The designation matters because, the superintendent said, high-performing districts “are granted greater autonomy and they have fewer state interventions.” McGahn added that the status communicates to families and staff that “they can trust the work that the district is doing.”
NJQSAC is the state’s monitoring and evaluative rubric for districts. McGahn explained it assesses five areas: Instruction and Program; fiscal management; governance; operations; and personnel. He said the district’s other components scored “very high,” and he cited fiscal management at about 94% and governance similarly high. The Instruction and Program score had been below 80% in the district’s last review, driven primarily by student assessment performance, McGahn said. The district adopted an improvement plan last fall to address the shortfall.

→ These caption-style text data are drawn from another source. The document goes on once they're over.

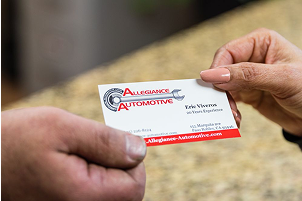 Hands exchanging a business card for Allegiance Automotive. The card has the company logo and contact information | Allegiance Automotive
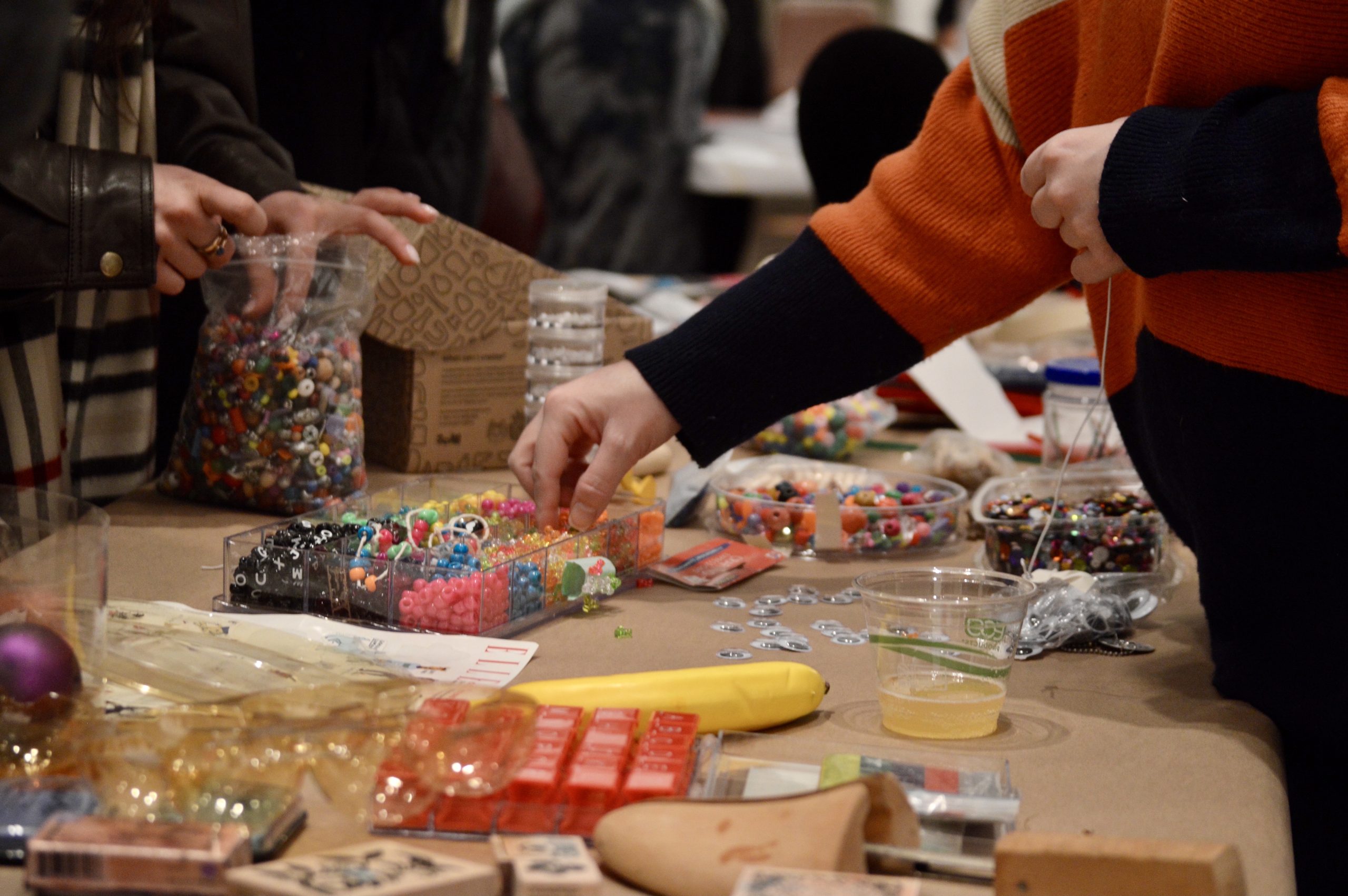 hand grabbing beads on table full of miscellaneous art supplies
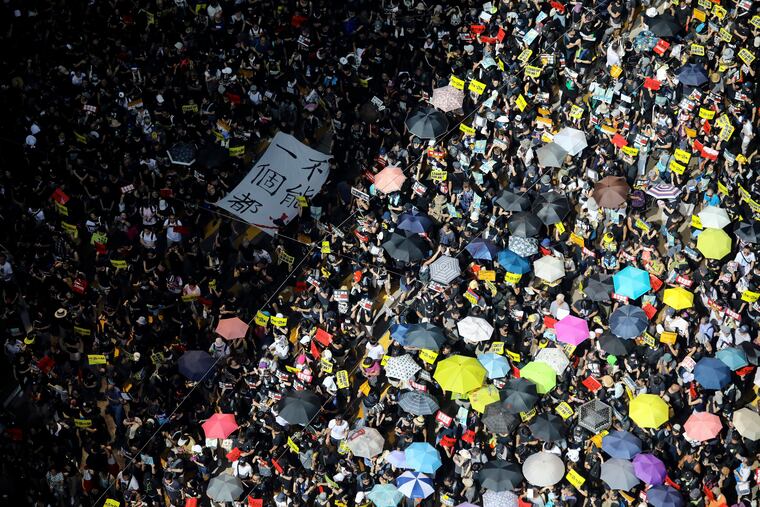 Protesters march with a banner which reads "Not one less" in Hong Kong on Monday, July 1, 2019. The embattled leader of Hong Kong pledged Monday to be more responsive to public sentiment, as police faced off with protesters on the 22nd anniversary of the former British colony's return to China. (Karma Lo/HK01 via AP)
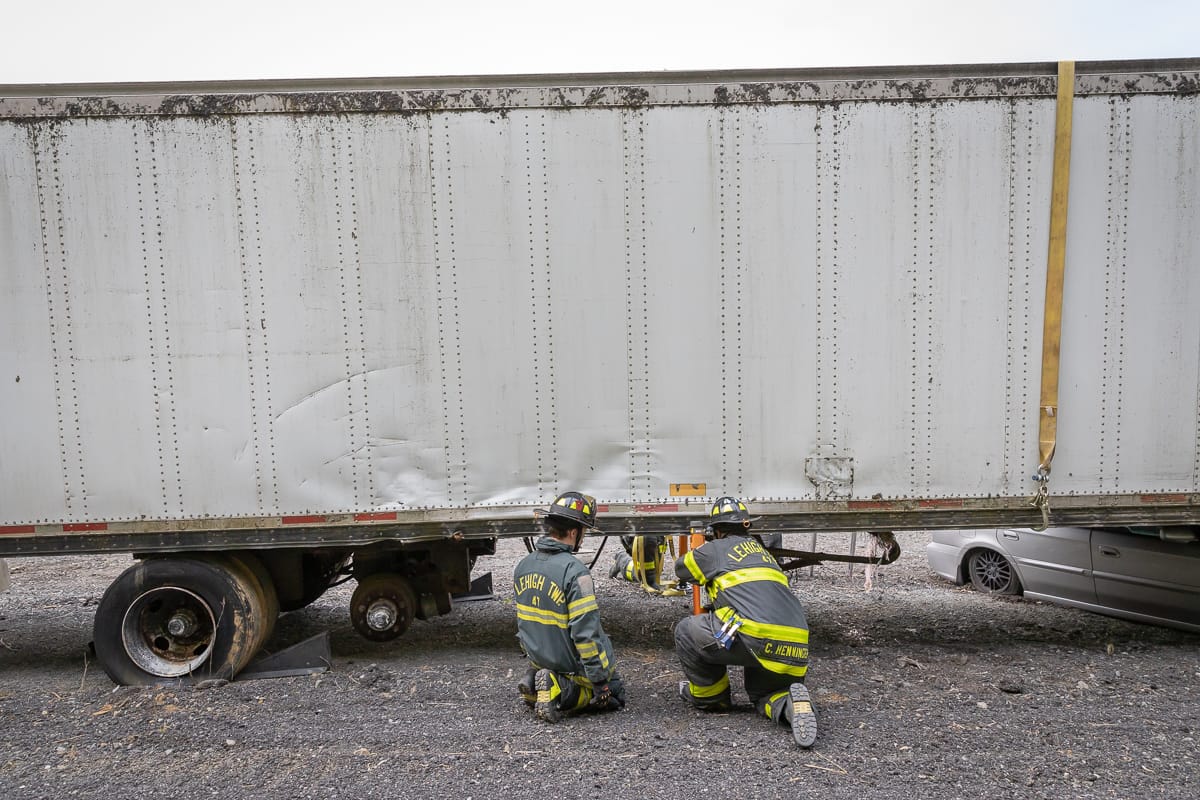 Firefighters work through a scenario involving a car under a tractor-trailer during a training event in Palmer Township on Ma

Board members asked how the QSAC designation related to an earlier state remark that the district was “underperforming” in funding adequacy. McGahn and other officials responded that QSAC’s fiscal-management metric measures compliance and internal controls—whether the business office follows procedures and maintains documentation—not the adequacy or amount of state funding. “It’s not apples to apples,” one board member said during the discussion.
The district will appear less frequently for state monitoring in areas covered by QSAC while it retains the high-performing status, McGahn said. He also asked for any board questions about the scores or the improvement plan, and the board moved on to other agenda items.